Dizendo escolher os candidatos conforme seus projetos, ela cita o Bolsa Família como algo “relevante” a ser destacado dos governos do PT e que ainda espera a “marca” da atual gestão.
“A medida do voucher [auxílio emergencial] foi necessária na pandemia, mas é uma medida pontual, não um programa de governo. Então, vamos aguardar o que vem pela frente.”
A decepção da esposa de Moro sobre o atual governo fica evidente em outros trechos do livro, a forma que encontrou, diz ela, para “virar a página” sobre parte da história da família.
Rosangela conta que foi um pedido do marido, ainda como ministro, que a fez apagar um post que publicou em abril no Instagram. Na postagem, ela defendia Luiz Henrique Mandetta, que comandava o Ministério da Saúde, na queda de braço com Bolsonaro sobre a gestão da pandemia.
“Não há liberdade de expressão para discordância de atos do governo. Nesse caso, você vira inimigo”, opina sobre o episódio, que virou motivo de briga dentro de casa.
A indignação, segundo ela, foi maior sobre o fato de ter perdido o direito de se manifestar, como cidadã, desde que o marido assumiu os processos da Lava Jato, ainda como juiz em Curitiba.
Mais de um ano antes, com as demissões dos ministros Gustavo Bebianno (Secretaria-Geral da Presidência) e Santos Cruz (Secretaria de Governo), ela diz que já sentia que Moro poderia ser alvo de “fritura” pelo próprio governo e eventualmente teria que deixar o cargo.
“Mais dia menos dia, o sistema detonaria Moro para se proteger ou para impedir avanços anticorrupção.”

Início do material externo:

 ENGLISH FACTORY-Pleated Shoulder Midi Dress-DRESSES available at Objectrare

Longe de protagonismo político, ela afirma que é este sistema, da velha política, com conchavos envoltos em corrupção, que Moro buscou combater durante a carreira, incluindo na condução da Lava Jato. Suas pautas, no entanto, “eram órfãs do governo”, diz ela no livro.
Apesar de atuar na advocacia tributária, Rosangela dedica algumas páginas da obra para defender a atuação do marido na operação.

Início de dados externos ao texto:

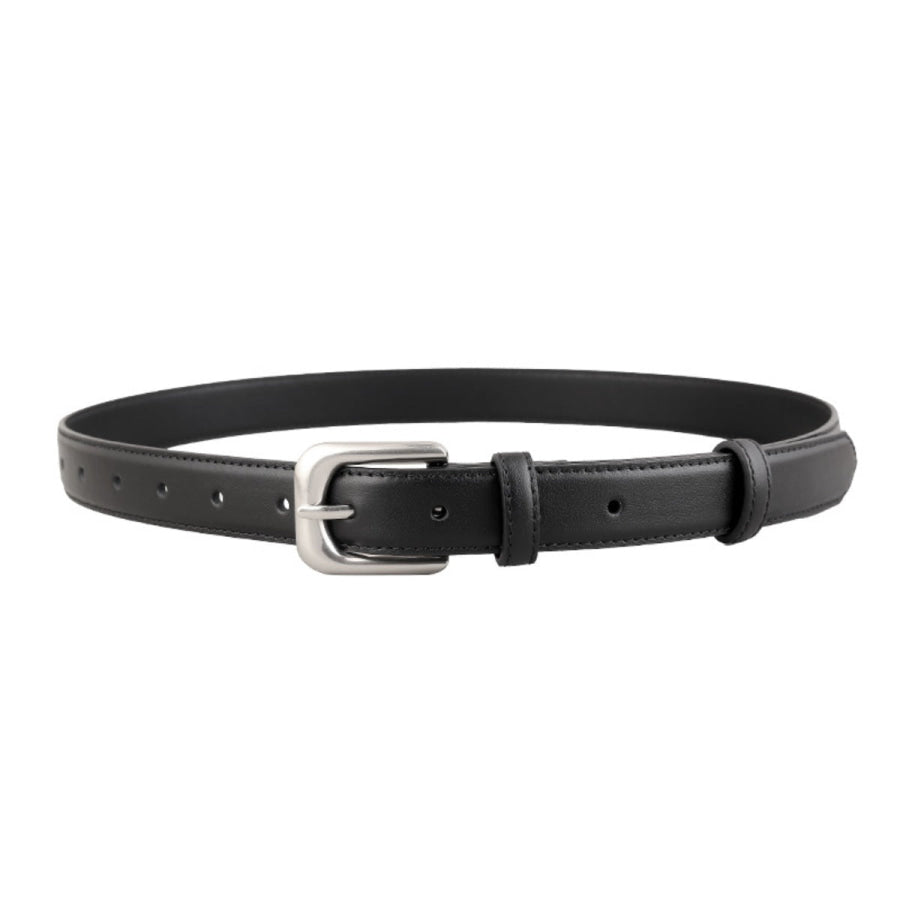 Classic Buckle Skinny Leather Belt Black / One Size Apparel and Accessories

Afirma, por exemplo, que os princípios da ampla defesa e do contraditório foram cumpridos e aponta que a maior parte das canetadas de Moro foi confirmada em instâncias superiores, inclusive em ações envolvendo Lula.
Também critica quem diz que a operação tinha apenas o PT como alvo e exalta a tranquilidade do marido sobre momentos-chave, como quando levantou o sigilo de áudios de Lula com a ex-presidente Dilma Rousseff (PT) e ao esclarecer mensagens trocadas entre ele e procuradores do caso, como o ex-coordenador da força-tarefa Deltan Dallagnol.
Como profissional do direito, Rosangela vê com naturalidade as conversas de juiz com as partes, e acredita que, no caso, elas foram elevadas de grau.
“Há uma fantasia de que eles [Moro e Deltan] são amigos e ficam conspirando para prejudicar determinada pessoa e isso não ocorre”, diz.
Ao ser indagada sobre o que faria se fosse defensora de algum réu da operação, ela é categórica: “Não iria para a imprensa, iria adotar alguma medida que a lei me permite”.
No livro, ela lamenta o fato de o marido não ter conseguido transformar sua experiência em um avanço para o país. Cita ainda que esse é um dos fatores que leva Brasília a viver numa bolha e que impede “melhores pessoas que poderiam estar na política” a saírem da sua zona de conforto.
Questionada se ela poderia ser uma dessas pessoas, Rosangela exclui qualquer pretensão.
“Não passa pela minha cabeça nem me filiar”. Já sobre uma possível aventura do marido em cargos eletivos, ela nada comenta. “Na atividade privada, também há condições de ajudar a tornar o país melhor. Mas, nosso radar está em 2020, reorganizando nossas vidas.”